You ever think about Church Growth? You ever wonder about whether or not Cornerstone is growing? Does it every cross or mind, is it even relevant in your life?

There are some folks at Cornerstone who honestly never think about church growth, they attend, they enjoy the services but whether the church is growing or in decline never crosses their minds, until it effects them personally.

They arrive and can’t find a parking space, the coffee has run out or they have to sit too close to the front. Or if all of a sudden we didn’t have the volunteers to greet them at the door or make their coffee then they might wonder where folks went. But it’s not on their radar, if asked they might say: Not my circus, not my monkey.

Then there are others who are asking me all the time about how our attendance is? Are there more folks attending now then there were last year? Others want to know what our plans for growth are, will we add more services or expand the building?

And they want to know what Cornerstone is actually doing to grow, do we have a plan? Because they know that in order for us to continue to grow we need to have a plan for where people will go, or we will end up in the same situation as the restaurant in St. Louise that Yogi Berra was speaking of when he said “Nobody goes there anymore, it’s too crowded.”

And then there is a third group and they think that any talk of church growth is worldly, that we should simply let God take care of growing the church and we should focus on more spiritual issues.

But regardless of how you view church growth the reality is the church was born to grow, just like each one of us was born to grow and everything alive was born to grow.

Listen to some of the early descriptions of the church Acts 2:41 Those who believed what Peter said were baptized and added to the church that day—about 3,000 in all. Acts 2:47 all the while praising God and enjoying the goodwill of all the people. And each day the Lord added to their fellowship those who were being saved. Acts 4:4 But many of the people who heard their message believed it, so the number of believers now totaled about 5,000 men, not counting women and children.

Eventually they just stopped counting, and so we read in Acts 5:14 Yet more and more people believed and were brought to the Lord—crowds of both men and women. Acts 9:31 The church then had peace throughout Judea, Galilee, and Samaria, and it became stronger as the believers lived in the fear of the Lord. And with the encouragement of the Holy Spirit, it also grew in numbers.

Last week Stefan led you through “Why We Need to Grow” and he spoke about how Jesus Commands it, the Bible Illustrates it and Reality Demands it.

But that still leaves us with the question: how? How do churches grow?

Sometimes I embarrass Angela, for various reasons. One of those times was when we went to see “A League of their Own” with a group of friends in Australia.

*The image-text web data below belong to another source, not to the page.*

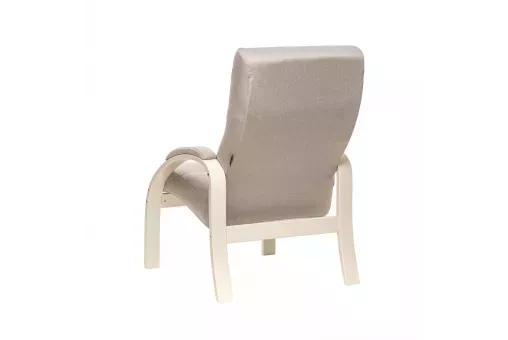 Кресло Leset Лион  Слоновая кость Малмо 05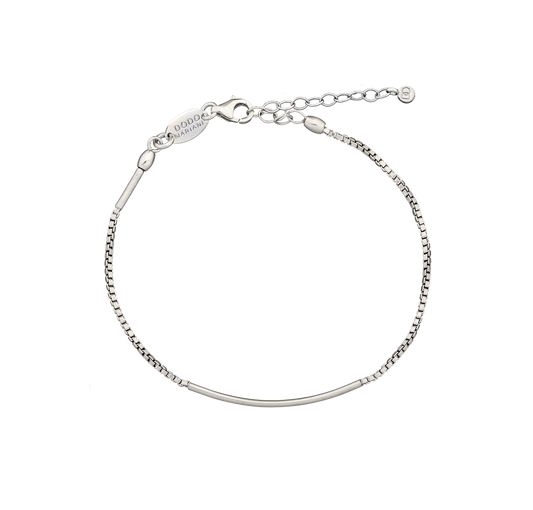 Bracciale / Cavigliera Aloha Silver semirigido DODO MARIANI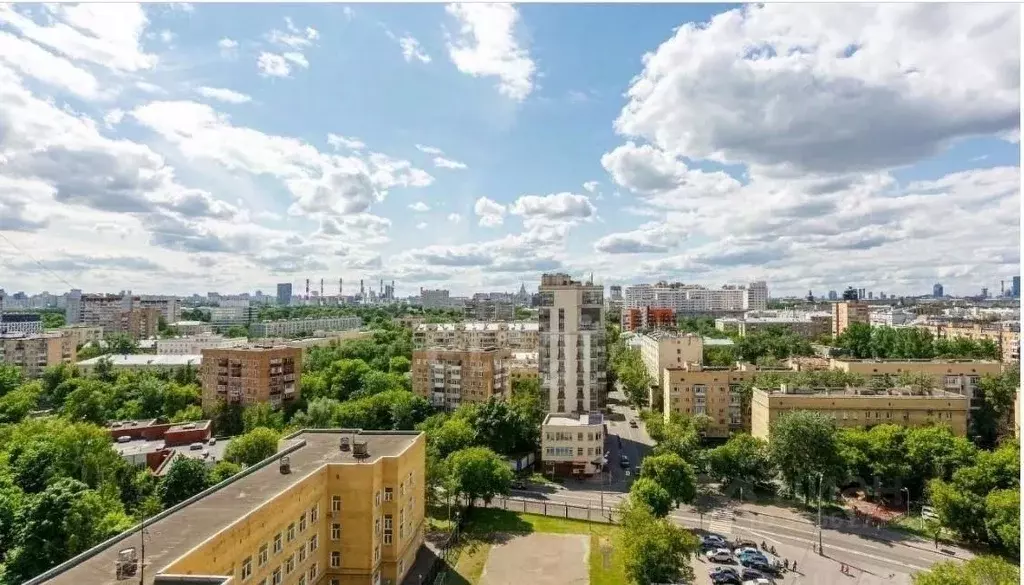 3-к кв. Москва Большая Тульская ул., 2 (89.7 м) - Фото 2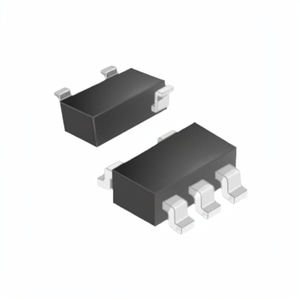 Componente Electrónico de Gestión de Energía (PMIC) SC 74A, SOT 753, GLF2313B-T1G7, Distribuidor Autorizado - Product Image 1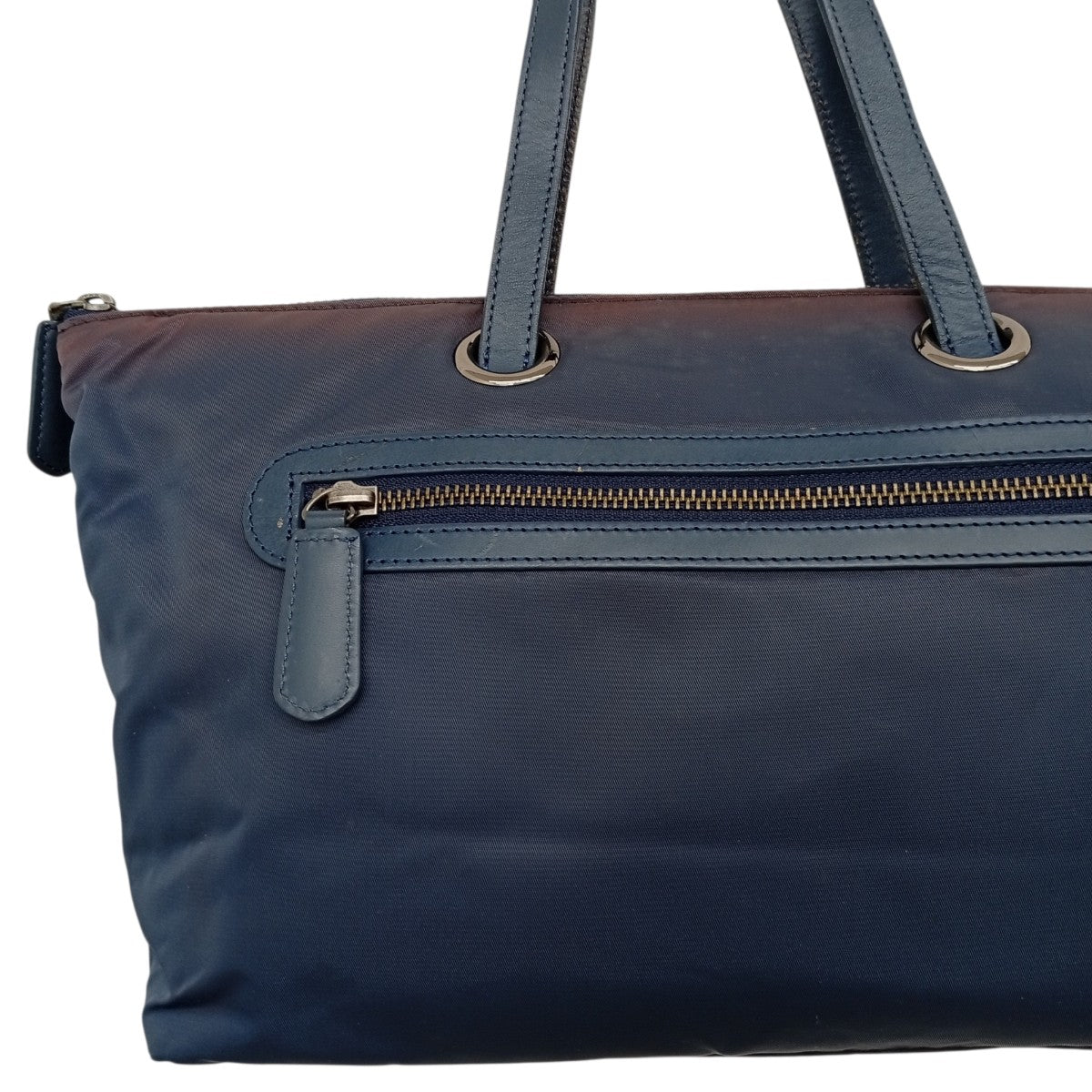 ISSEY MIYAKE ハンドバッグIM21AG105 古着・中古-4枚目のアイテム画像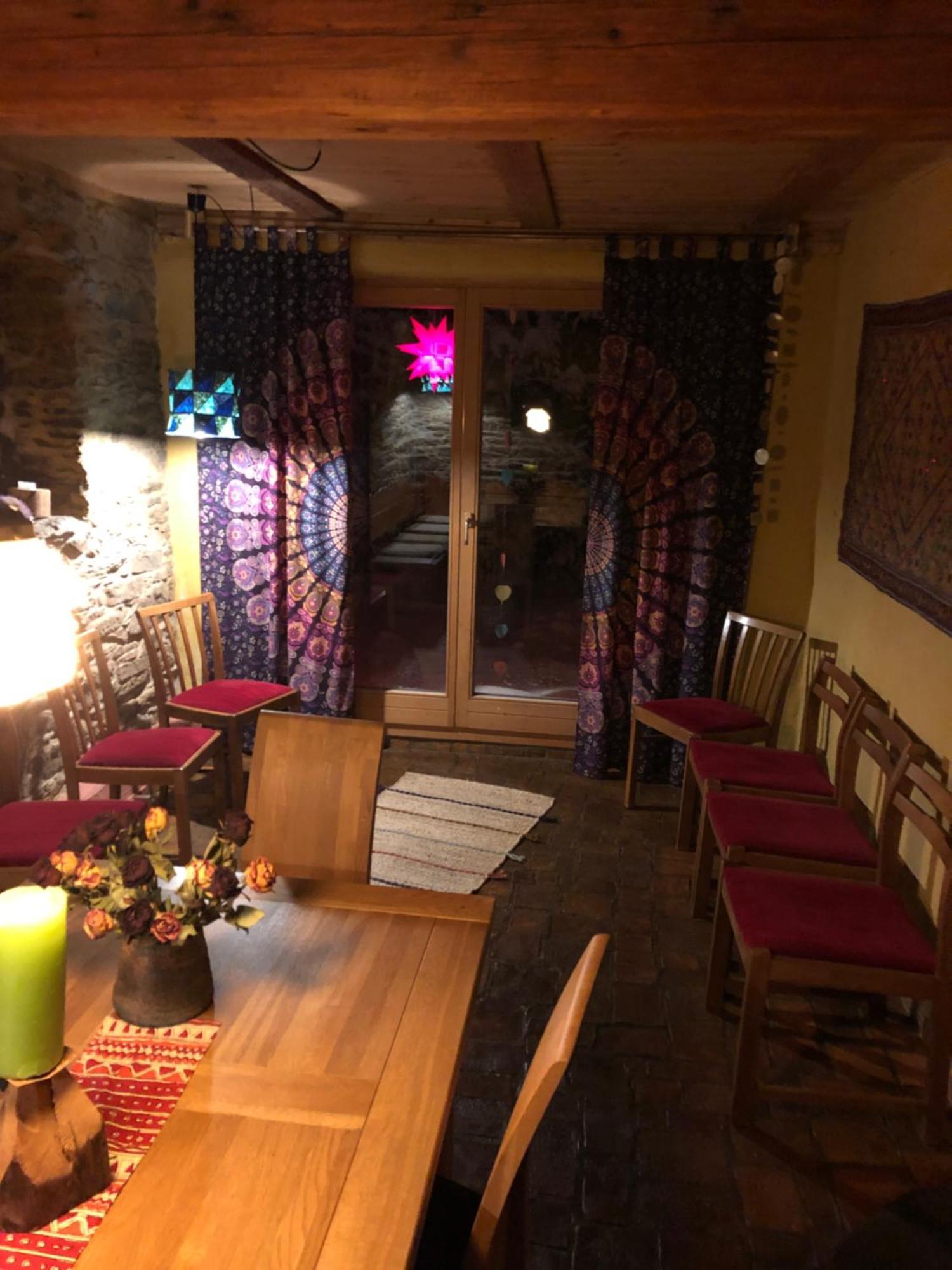 Ferienhaus Lebenswerkstatthof ミルデナウ エクステリア 写真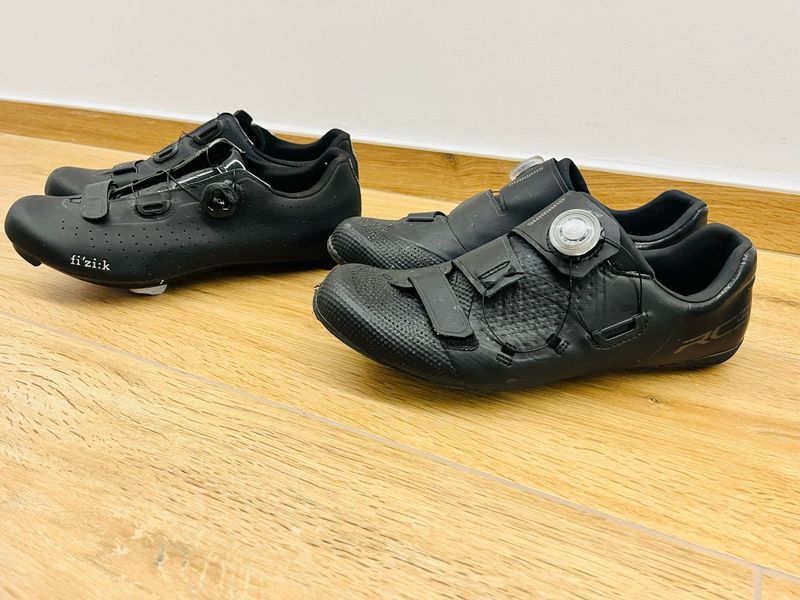 Used Shimano rc5 Cycling Shoes
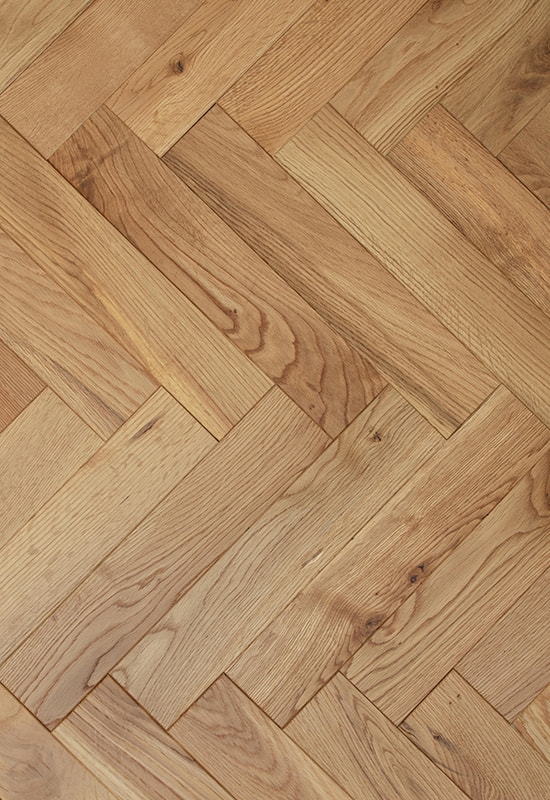 Oak Branco 70 pisos de madeira maciça escovada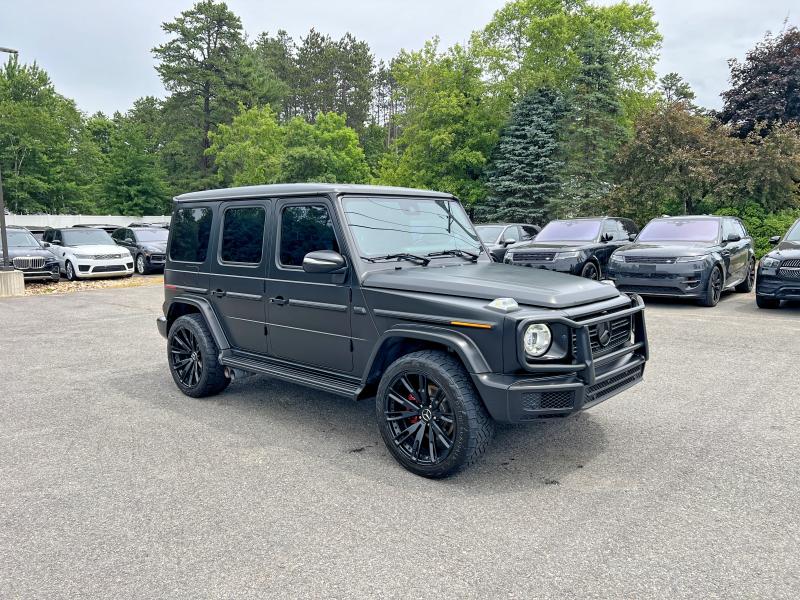 2019 Mercedes-benz VIN WDCYC6BJ2KX307077 COPART salvage auction — MINOR DENT/SCRATCHES, Mt - Certificate Of Title (P), sold $79,000 on 2026-07-31 (photo 2)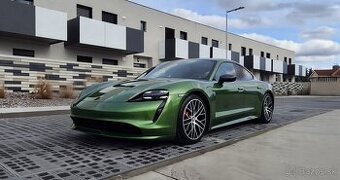 Porsche Taycan 4S Performance Plus AWD 2020 Aj na splátky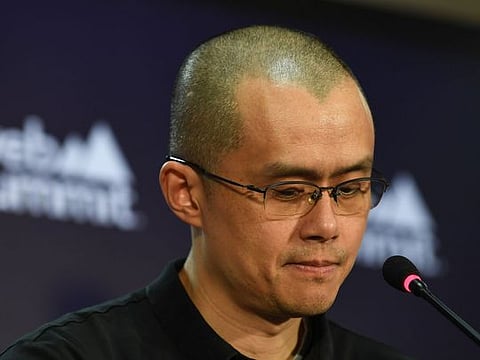 In photos: The sudden downfall of Changpeng Zhao, the crypto titan behind Binance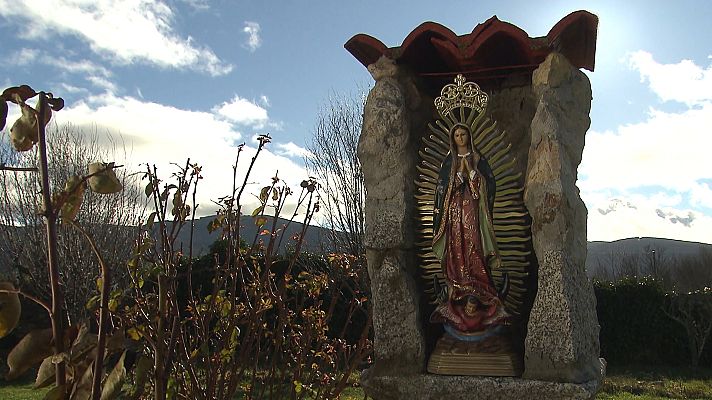 Pueblo de Dios - Madrid Sierra Norte: Tierra Bendecida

Perhaps you remember the movie. It starred Tom Hanks, Madonna and Genna Davis and it tells the story of the first professional women’s baseball league which was formed during the Second World War.

And there is a scene where Coach Jim Dugan is confronting Genna Davis’ character who wants to quit the team and move home to Oregon. So let’s pick it up with this clip. (Clip for A League of their own.)

And I loved that quote, and so in the dark of the movie theatre I start asking who has a pen and paper to write it down. Because that is not only the reality of baseball it is the reality of church growth, it is supposed to be hard if it was easy everybody would be doing it, and they’re not.

There are only a small percentage of churches that grow on a consistent basis. The rest? The best case scenario is that they hold their own. They aren’t growing but they aren’t declining, they have plateaued. Sometimes they will say they are consolidating or just stepping back so they can get a running start at moving to the next level. And often it might seem like it’s a plateau but once you start looking at it over the long term you would see that it is actually a gradual decline.

But for too many churches the decline isn’t gradual. Every year there are fewer people worshipping than there had been before. And it wasn’t always like that, I mean before they could stop being a church of 100 or 200 they had to become a church of 100 or 200. There was growth somewhere in their history.